Work instruction
Set down each record exactly. Omit the pictures.

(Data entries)
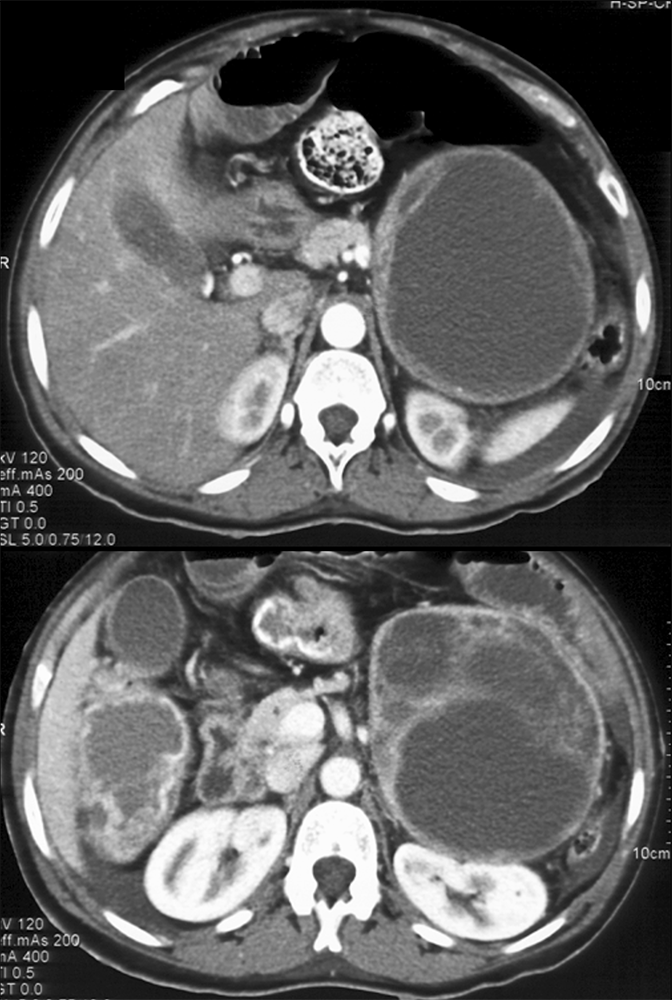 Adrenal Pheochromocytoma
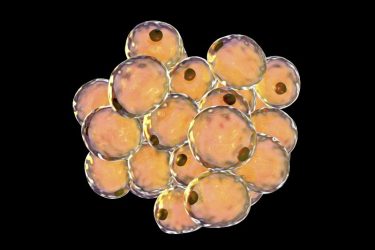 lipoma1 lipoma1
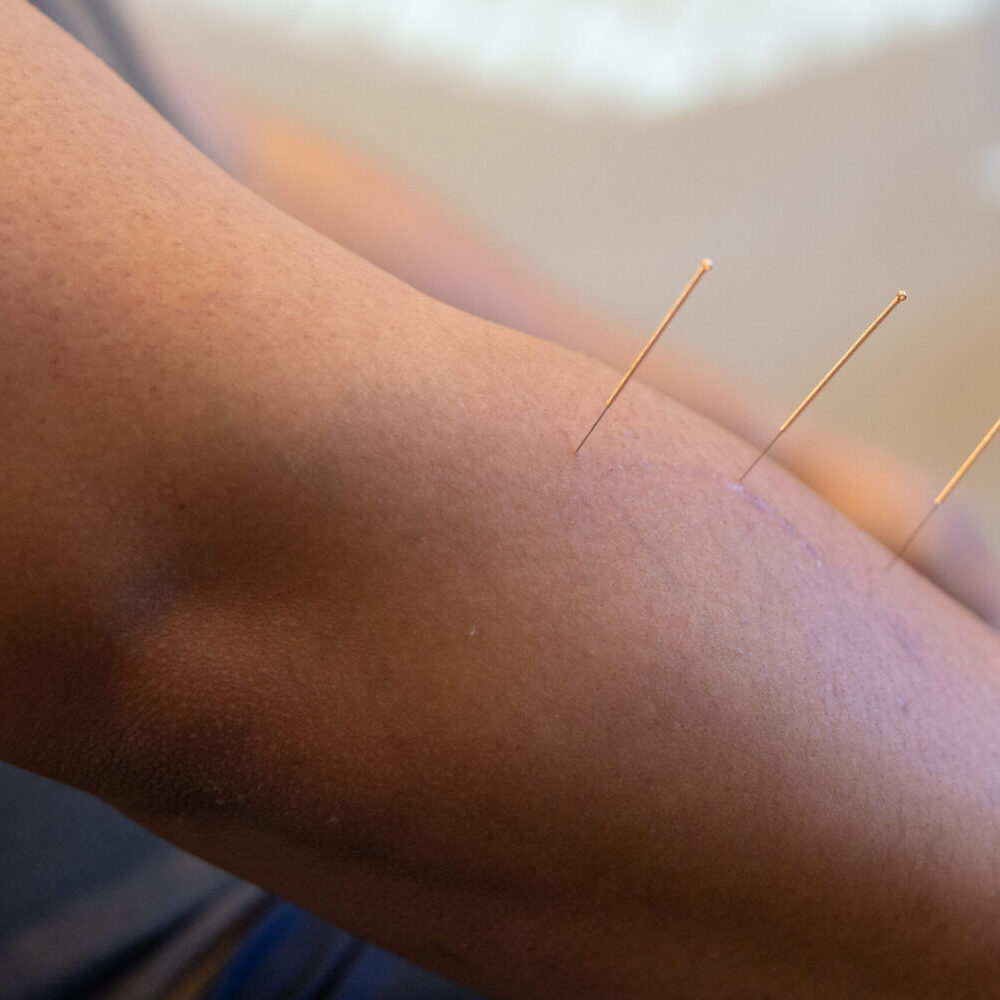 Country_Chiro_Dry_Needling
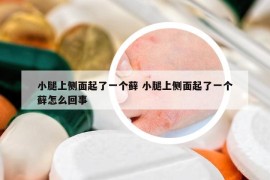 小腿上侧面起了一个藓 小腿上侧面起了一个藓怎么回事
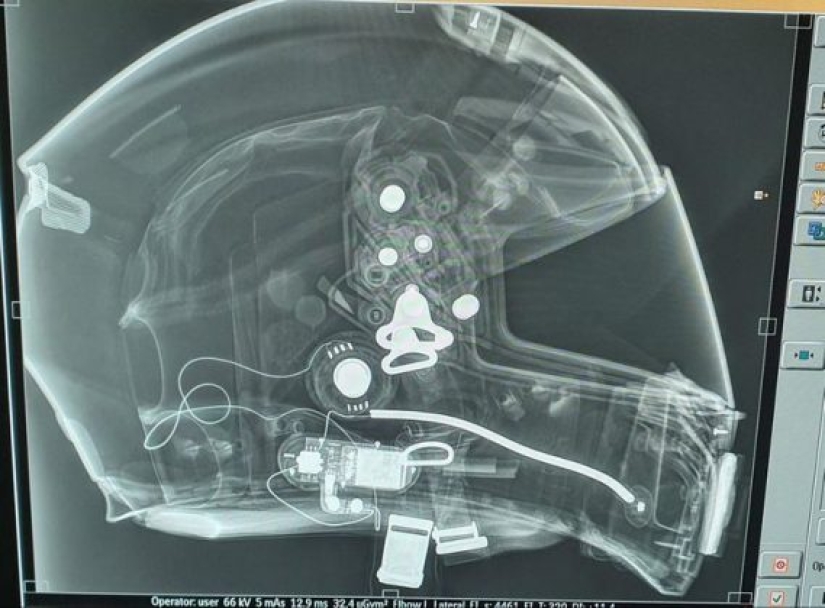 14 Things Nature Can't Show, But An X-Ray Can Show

Solution to this problem
 Adrenal Pheochromocytoma
 lipoma1 lipoma1
 Country_Chiro_Dry_Needling
 小腿上侧面起了一个藓 小腿上侧面起了一个藓怎么回事
 14 Things Nature Can't Show, But An X-Ray Can Show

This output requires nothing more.